Nofollow
Nofollow is a method of adding the rel="nofollow" attribute to a link to signal to search engines that the page does not endorse or vouch for the linked destination. Since 2019, Google treats it as a hint rather than a strict directive, and introduced the sponsored and ugc attributes alongside it.
- Nofollow uses the rel="nofollow" attribute to tell search engines that a page does not endorse or vouch for the linked destination.
- Google introduced it on January 18, 2005 to combat comment spam, and it originally worked as a strict directive that excluded the link from ranking calculations entirely.
- On September 10, 2019, Google reclassified nofollow as a "hint" rather than a directive and added the new sponsored and ugc attributes.
- The hint treatment took effect for ranking purposes in 2019 and for crawling and indexing purposes on March 1, 2020.
- It stands in contrast to an ordinary link that counts toward link evaluation (dofollow), and the two must be kept clearly distinct.
Overview
Nofollow is a method of adding the rel="nofollow" attribute to a link to tell search engines that the page neither trusts nor endorses the linked destination and does not wish to pass along its own page's ranking credit.
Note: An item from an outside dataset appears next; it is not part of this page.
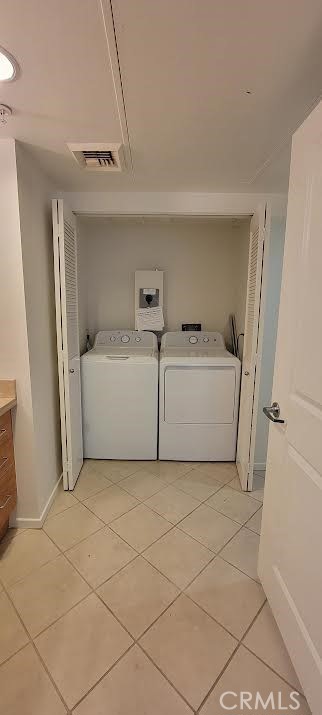 267 San Pedro Street Los Angeles, CA 90012 - Photo 7 of 24 a utility room with a washer and dryer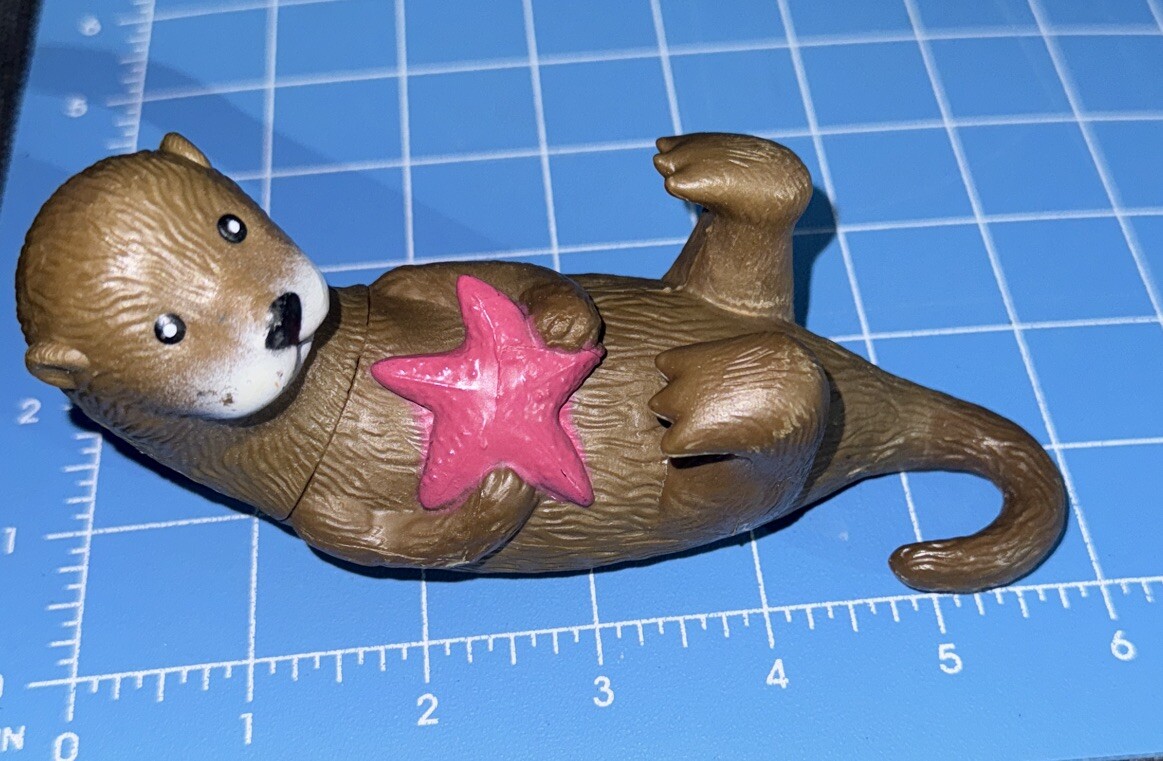 Ankyo Otter hard plastic figure holding a starfish lying on back 6″ long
Google introduced the attribute on January 18, 2005, together with Yahoo and Microsoft, to counter the spam links being scattered indiscriminately across blog comments and forums.
When it was first introduced, nofollow acted as a strict directive: search engines excluded the link from ranking calculations entirely. On September 10, 2019, however, Google announced that it would treat nofollow as a "hint" rather than a directive, and at the same time introduced two new attributes, sponsored and ugc, to allow the nature of a link to be described more precisely. The shift to hint-based treatment applied to ranking from 2019 and to crawling and indexing from March 1, 2020.
The concept stands in contrast to ordinary links whose link evaluation is counted normally, namely dofollow. Dofollow is the common term for a default link with no special rel attribute, which search engines follow and factor into their evaluation. The nofollow family of attributes, by contrast, is used when there is no intent to endorse or vouch for the destination, or to make the source of a link explicit.
rel Attribute Comparison
| Attribute | Use case | Endorsement signal | Introduced |
|---|---|---|---|
| rel="nofollow" | Ordinary links you do not endorse or vouch for, and cases that do not fit the other categories | None | Introduced 2005 |
| rel="sponsored" | Advertisements, paid links, and links created through sponsorship or compensation agreements | None (marked as paid) | Introduced 2019 |
| rel="ugc" | Links within user-generated content such as comments and forum posts | None (source identified) | Introduced 2019 |
| dofollow | Default link with no special rel attribute, carrying intent to trust and endorse | Present | Default |
Code Examples
<!-- 노팔로우: 추천·보증하지 않는 일반 링크 -->
<a rel="nofollow" href="https://example.com">예시 링크</a>
<!-- sponsored: 광고·유료 링크 -->
<a rel="sponsored" href="https://example.com">광고 링크</a>
<!-- ugc: 댓글·포럼 등 사용자 생성 콘텐츠 링크 -->
<a rel="ugc" href="https://example.com">사용자 작성 링크</a>
<!-- 여러 속성 동시 사용 가능 -->
<a rel="ugc sponsored" href="https://example.com">후원받은 사용자 작성 링크</a>
<!-- 두팔로우: rel 속성이 없는 기본 링크 -->
<a href="https://example.com">일반 링크</a>According to Google, a single link can carry more than one rel value at once, so a value such as rel="ugc sponsored" is valid and marks a link as both user-generated content and sponsored.
Background
The Google Search Central blog post (September 10, 2019, by Danny Sullivan and Gary Illyes) announced that nofollow would shift from a directive to a hint and that the sponsored and ugc attributes were being introduced. According to the announcement, all three attributes work as hints for ranking purposes, and the hint treatment for crawling and indexing took effect on March 1, 2020.
Google's official documentation (Qualify Outbound Links) advises using sponsored for advertisements and paid links, ugc for user-generated content such as comments and forum posts, and nofollow when no other category fits and you want to avoid implying an association with the linked destination. The nofollow attribute itself was first introduced by Google on January 18, 2005, together with Yahoo and Microsoft, to combat comment spam.